/ 20 November 2009

Crunch time for Zim talks

Zimbabwe’s feuding parties will meet over the weekend to thrash out a compromise, with the first deadline imposed by the region to resolve the remaining issues likely to be missed.

President Jacob Zuma is expected in Zimbabwe next week to monitor progress, according to a timetable set by regional leaders earlier this month. After the start of the latest round of negotiations was delayed, the parties are rushing to find common ground ahead of Zuma’s visit.

The Southern African Development Community’s November 6 troika summit gave Zimbabwe 30 days to resolve the crisis but, as a sign of its impatience, told the parties to show some progress within 15 days. Yet, no substantive talks had been held by this week.

”They will work from Friday right into the weekend to deal with the issues as mandated by the SADC troika summit,” said Gorden Moyo, Prime Minister Morgan Tsvangirai’s minister of state. A report on the progress made would be released at the weekend, he said.

The Movement for Democratic Change (MDC) wants Robert Mugabe to reverse key government appointments he made without consulting his coalition partners, key among them is the appointment of allies Gideon Gono as central bank governor and Johannes Tomana as attorney general. The MDC also wants reforms to media and security laws speeded up and the unconditional swearing-in to government of Roy Bennett, whose terrorism trial has rocked the coalition.

The MDC believes much hinges on the outcome of the trial, which the party sees as evidence of Mugabe’s continuing persecution of opponents. Mugabe is placing much importance on nailing Bennett, sending in the attorney general to lead the state’s case in court.

But the state’s case was crumbling spectacularly in the high court this week, so badly that Tomana faced censure from his own superiors in government.

A police witness admitted to a judge that not all the weapons displayed in court as evidence against Bennett had been retrieved from Peter Hitschmann, an arms dealer alleged to be Bennett’s accomplice. The state also failed to produce proof that Bennett had deposited $5 000 into a Mozambican bank account for Hitschmann to buy arms.

The state’s setbacks have left Tomana at the mercy of both his critics and the government. In a memo seen by the Mail & Guardian Justice Minister Patrick Chinamasa angrily accuses Tomana of incompetence.

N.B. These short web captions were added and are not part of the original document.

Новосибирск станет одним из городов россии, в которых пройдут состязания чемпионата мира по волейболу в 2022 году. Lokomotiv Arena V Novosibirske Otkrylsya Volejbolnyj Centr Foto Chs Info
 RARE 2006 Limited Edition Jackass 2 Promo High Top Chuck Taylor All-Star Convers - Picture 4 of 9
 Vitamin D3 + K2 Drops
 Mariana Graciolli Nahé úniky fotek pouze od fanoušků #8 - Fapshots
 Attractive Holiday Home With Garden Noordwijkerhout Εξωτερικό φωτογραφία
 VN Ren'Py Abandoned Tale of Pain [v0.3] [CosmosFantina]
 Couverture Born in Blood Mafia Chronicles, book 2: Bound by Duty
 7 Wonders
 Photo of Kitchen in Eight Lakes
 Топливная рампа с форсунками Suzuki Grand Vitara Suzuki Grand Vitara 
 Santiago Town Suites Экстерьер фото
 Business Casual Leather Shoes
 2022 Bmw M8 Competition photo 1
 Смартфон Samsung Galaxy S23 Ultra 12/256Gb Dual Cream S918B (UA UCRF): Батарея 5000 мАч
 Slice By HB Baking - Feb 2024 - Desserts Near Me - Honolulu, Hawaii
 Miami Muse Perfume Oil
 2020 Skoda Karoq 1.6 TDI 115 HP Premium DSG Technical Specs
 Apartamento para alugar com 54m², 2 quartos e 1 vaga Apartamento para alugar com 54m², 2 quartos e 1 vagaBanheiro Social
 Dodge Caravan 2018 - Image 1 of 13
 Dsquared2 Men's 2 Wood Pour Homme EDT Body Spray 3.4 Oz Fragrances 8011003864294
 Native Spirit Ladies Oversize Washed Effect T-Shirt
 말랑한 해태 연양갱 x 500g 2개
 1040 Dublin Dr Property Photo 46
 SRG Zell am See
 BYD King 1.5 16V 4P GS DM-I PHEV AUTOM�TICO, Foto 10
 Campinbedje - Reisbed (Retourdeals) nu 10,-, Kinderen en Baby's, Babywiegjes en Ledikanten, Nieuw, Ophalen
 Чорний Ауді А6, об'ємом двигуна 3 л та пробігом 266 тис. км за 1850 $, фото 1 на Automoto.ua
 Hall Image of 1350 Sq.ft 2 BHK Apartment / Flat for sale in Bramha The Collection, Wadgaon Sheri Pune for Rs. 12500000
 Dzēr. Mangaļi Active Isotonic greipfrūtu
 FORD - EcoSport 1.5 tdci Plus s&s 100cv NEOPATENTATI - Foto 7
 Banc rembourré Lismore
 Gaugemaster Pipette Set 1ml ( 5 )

The country’s lawyers’ association also approached Chinamasa to demand Tomana’s resignation over his bias and the ”continued harassment and attacks on its members”. In a petition to protest against a series of arrests and harassment of lawyers representing government opponents, the Law Society of Zimbabwe said: ”The harassment has been a direct attack [on] and interference with the independence of the legal profession from the police, attorney general and other state agents. This has left the integrity and safety of the legal practitioners at stake.”

Meanwhile, the German embassy in Zimbabwe reported that Wolfgang Thamm, a Jesuit priest and German citizen, had been assaulted by ”four junior members of the Zimbabwean Army” after he was stopped outside an army barracks north of Harare last Sunday.

”One soldier took Father Thamm’s glasses and slammed him in the face before forcing him out of the car. The priest was then ordered by the soldiers to kneel in a large puddle of water. When he hesitated to follow the order, he was pushed into the dirty pool and brutally kicked several times by the soldiers.” Germany said this was ”totally unacceptable misconduct” and ”a disgrace to the Zimbabwean armed forces”.